‘ Abramovich Organised Six Cars To Drive Me To Chelsea ’ – Mikel Obi Finally Reveals

Tianjin TEDA midfielder and Super Eagles Captain, John Mikel Obi, has revealed how Manchester United and Chelsea fought over his transfer before giving in to Roman Abramovich and declining Sir Alex Ferguson’s offer.
The talented midfielder, who earned a month trial at Old Trafford before United struck a provisional deal with Norwegian outfit Lyn Oslo to bring him to the Theatre of Dreams, revealed that United offered him a staggering £1.5m contract but Chelsea’s involvement became a hindrance for the deal to be sealed as he made a stunning u-turn to Stamford bridge in 2006.
Speaking about the deals in a lengthy interview with the Sun, he said:
It was surreal, admits Mikel. I was at school, but had Chelsea and Manchester United — two of the world’s biggest clubs — trying to sign me. I’ll never forget that second meeting with Sir Alex. I’d signed a deal at United but had to tell him: ‘Sorry, I want to play for Chelsea’.
He really liked me but I could see how angry and disappointed he was.
Some things he told me made me think about changing my mind but I was thinking about Jose, too.
I had these two great managers wanting me and I did not know what to do.
Fergie told me: ‘Why would you turn down United? It’s the biggest club in the world. You cannot do that. You have to say Yes’.

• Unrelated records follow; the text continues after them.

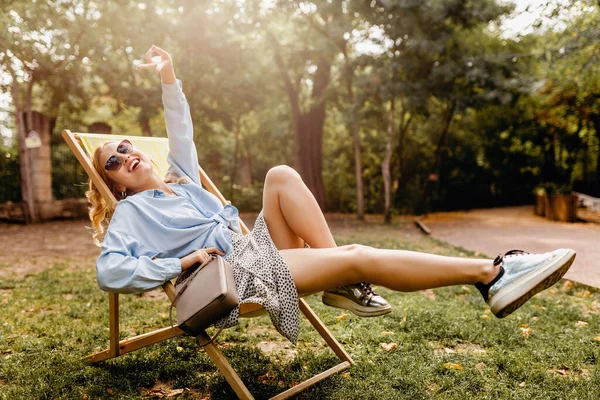夏の衣装でデッキチェアでリラックスして座って魅力的なブロンドの幸せな女性ブルーシャツ シルバースニーカー エレガントなサングラスと財布 ストリートファッションスタイルの履物を身に着けている — ストック写真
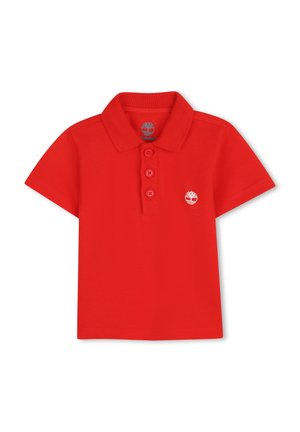 Red polo shirt featuring a collar, three button placket, and a small white logo on the left chest. Made of textured cotton fabric.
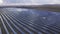 Airview of large field of solar panels producing clean, renewable energy, top view. Power plant with large number solar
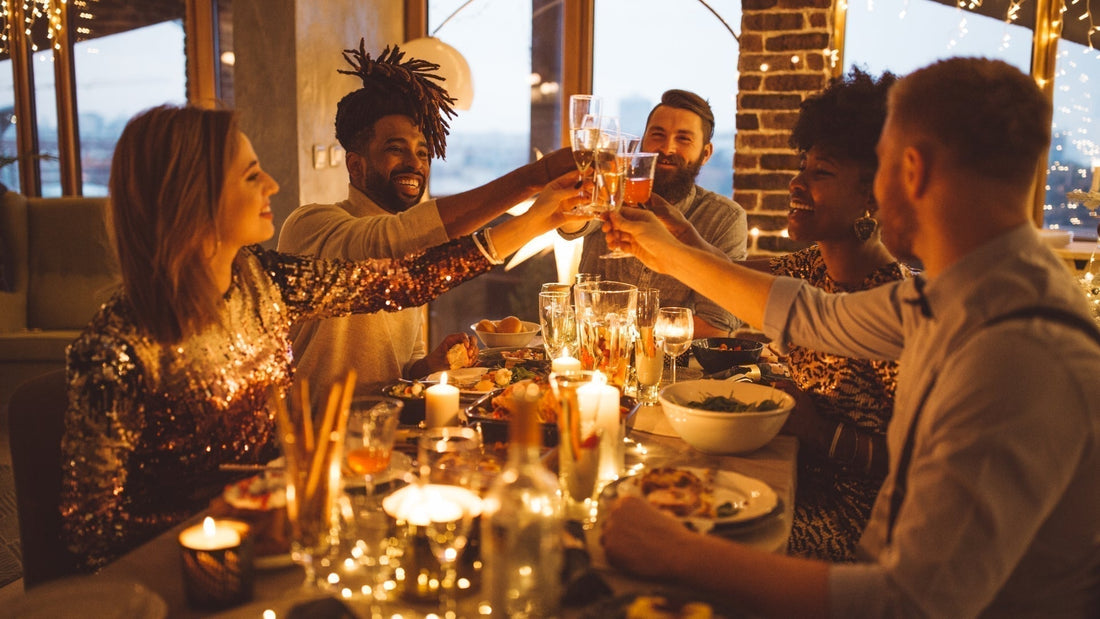 Friends toasting with wine glasses at a candlelit fall dinner party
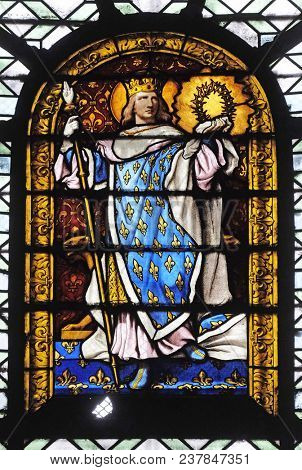 PARIS, FRANCE - JANUARY 04: Saint Louis, stained glass window in the Saint Sulpice Church, Paris, France on January 04, 2018.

As a footballer, you have to make decisions that you live with for the rest of your life.
I trained with the first team,” he recalls. “Roy Keane was my bodyguard.
Paul Scholes and Nicky Butt always tried to kick me but couldn’t when Roy was there because he’d have killed them.
Sir Alex called me Obi Wan (after the Star Wars character).
He called me into his office one day and said: ‘Obi Wan, do you know what Keane, Scholes and all the senior players have told me? They said you have to sign that boy’.
I couldn’t believe it. Here was I, a schoolkid from Africa, training with some of the best in the world.
Mikel also recalls the moment he was approached with a briefcase full of cash – £53,000 to be exact by an agent, promising more if he signed then and there.